- **SUPPLIED INFORMATION**:

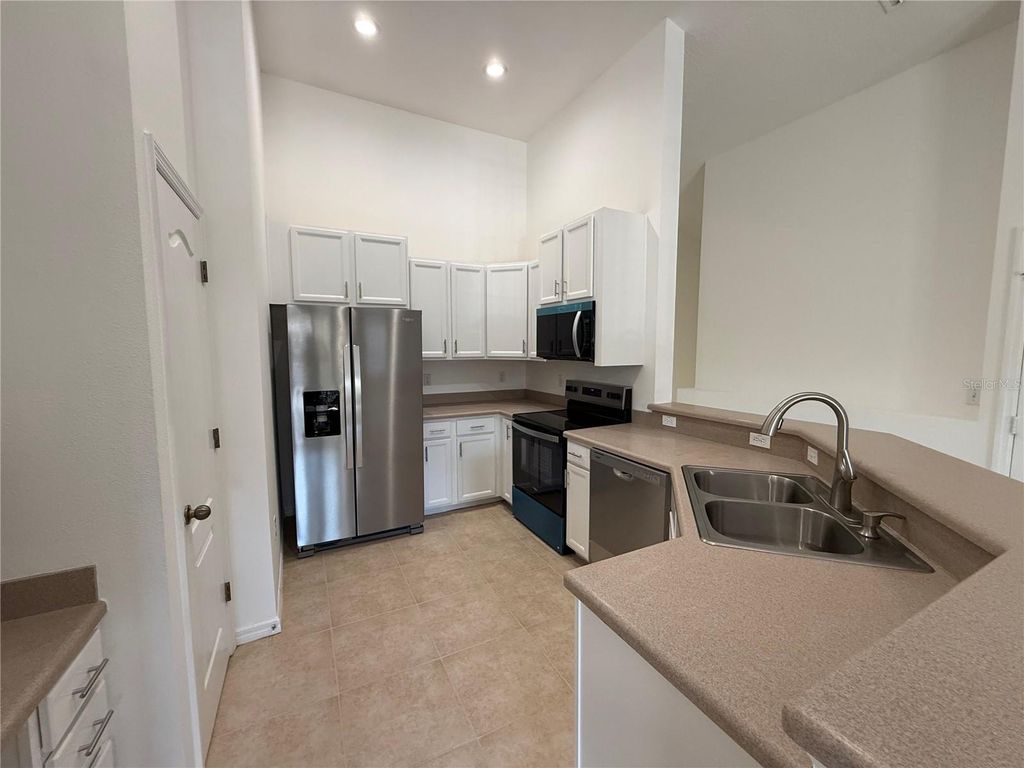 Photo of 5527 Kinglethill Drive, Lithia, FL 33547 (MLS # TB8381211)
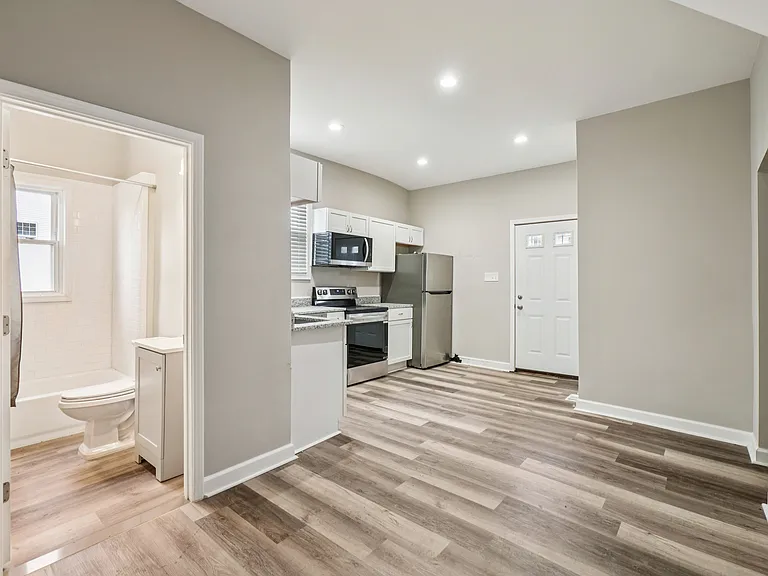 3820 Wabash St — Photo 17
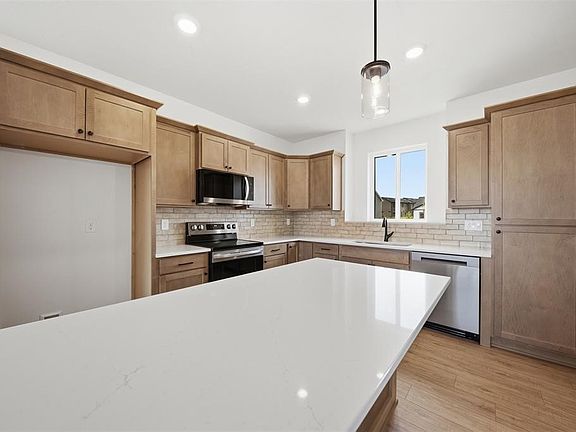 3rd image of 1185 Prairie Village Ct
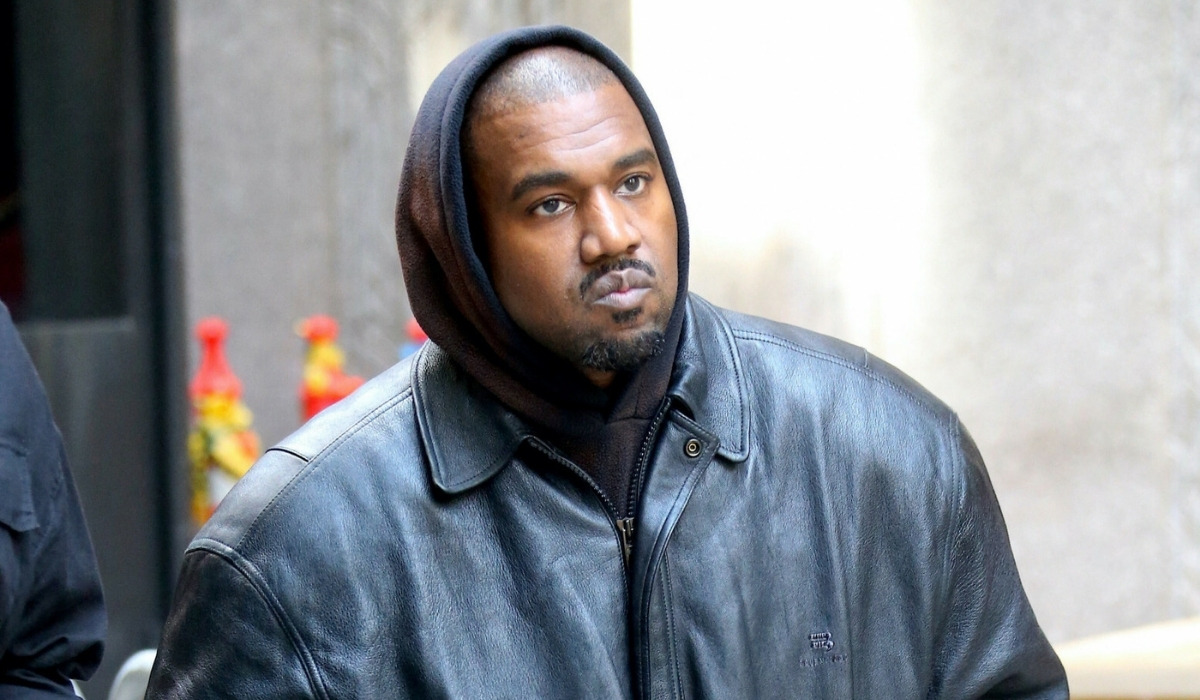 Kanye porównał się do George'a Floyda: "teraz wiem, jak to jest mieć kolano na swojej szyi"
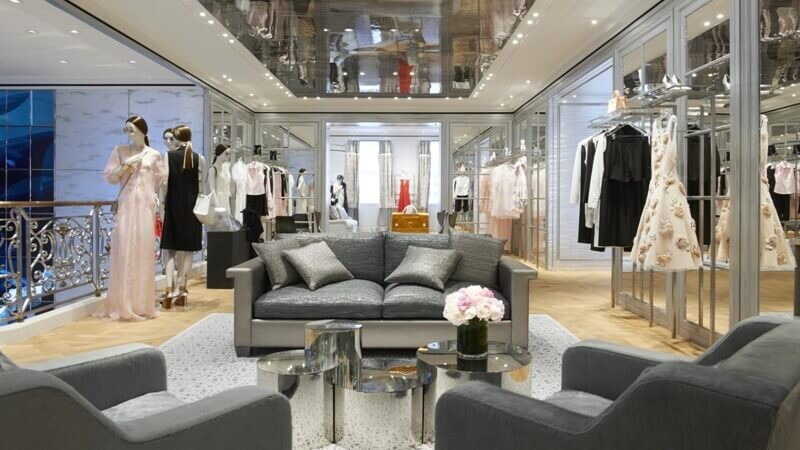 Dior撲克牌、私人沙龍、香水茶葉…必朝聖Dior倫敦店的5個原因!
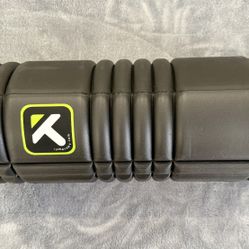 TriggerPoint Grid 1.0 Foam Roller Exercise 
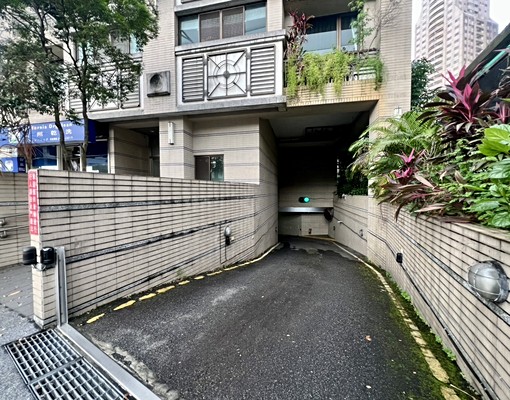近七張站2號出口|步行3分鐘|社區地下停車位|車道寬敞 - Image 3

...

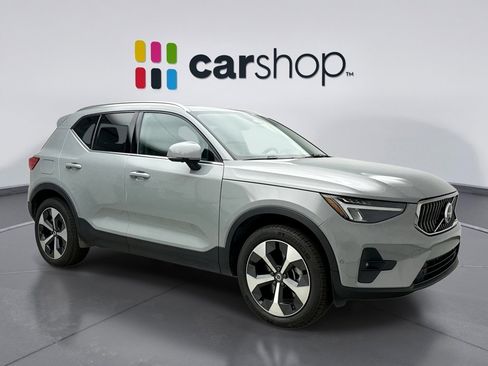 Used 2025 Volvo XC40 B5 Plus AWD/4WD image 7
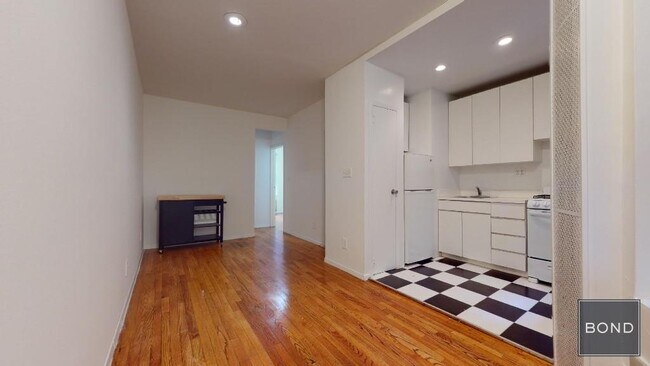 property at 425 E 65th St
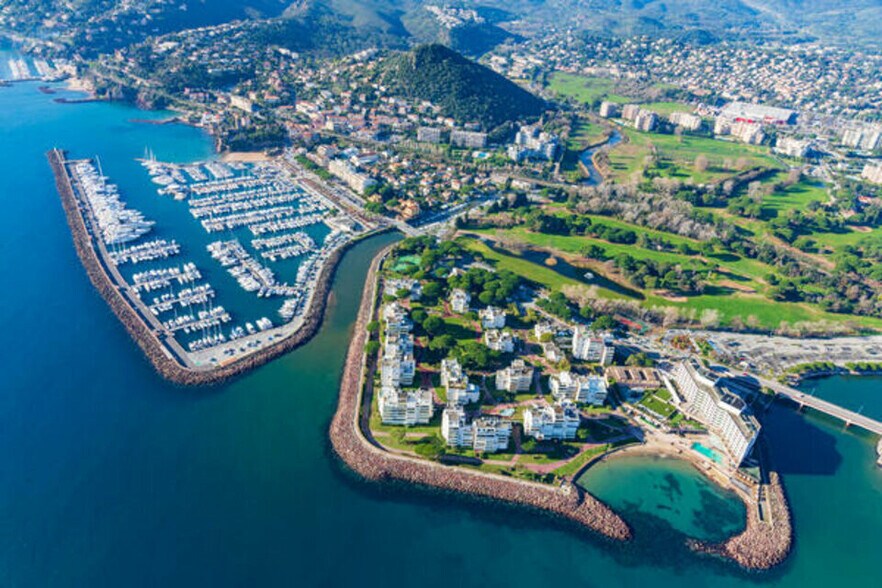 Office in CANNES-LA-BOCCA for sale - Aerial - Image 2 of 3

...

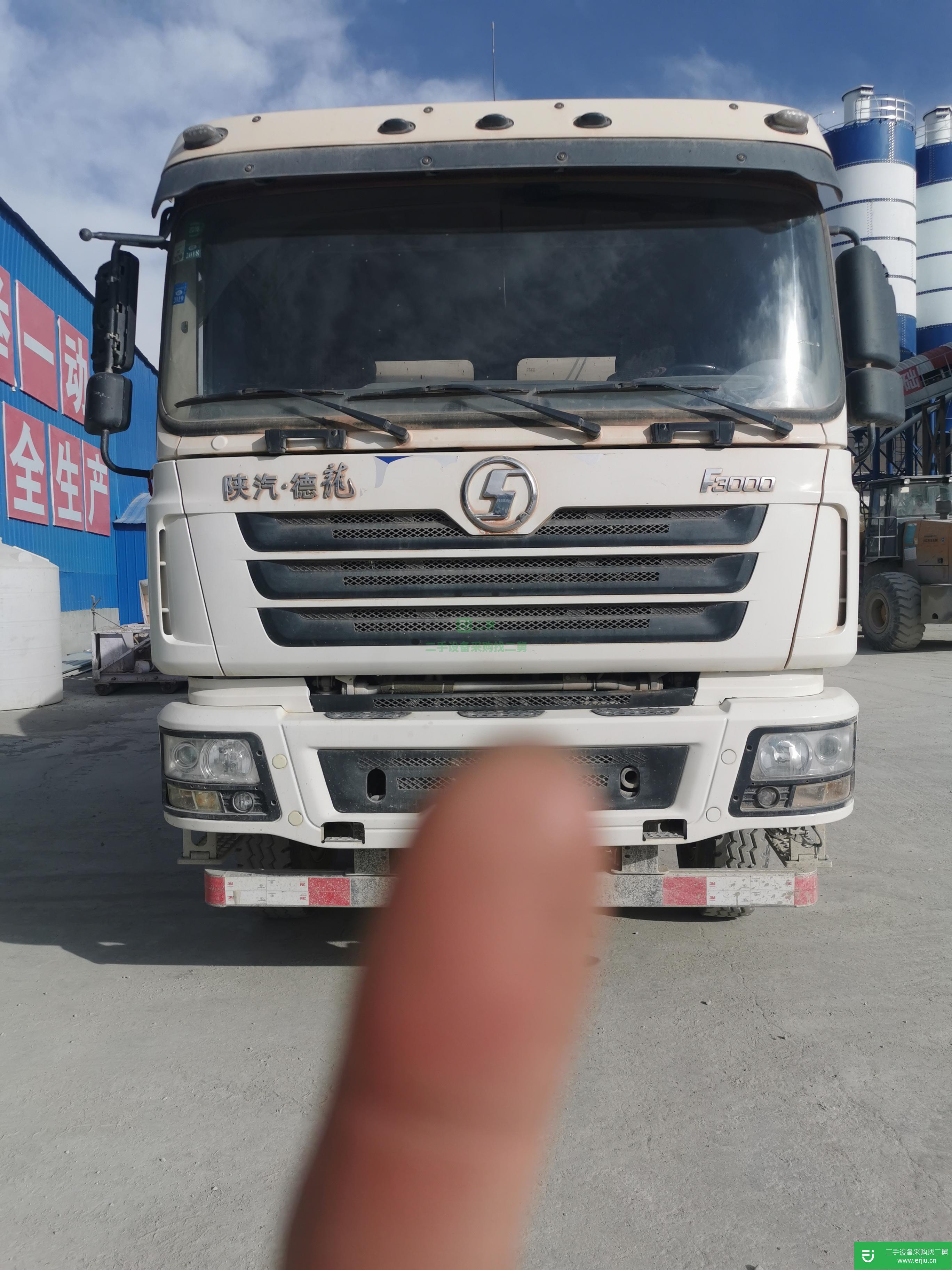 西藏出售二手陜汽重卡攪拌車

- **TASK**:
An exact copy of the lines above from the one with "TriggerPoint Grid 1.0 Foam Roller Exercise" up to and including the one with "近七張站2號出口|步行3分鐘|社區地下停車位|車道寬敞 - Image 3" is required; reproduce only those lines, omitting all pictures.

- **REPLY**:
 TriggerPoint Grid 1.0 Foam Roller Exercise 
近七張站2號出口|步行3分鐘|社區地下停車位|車道寬敞 - Image 3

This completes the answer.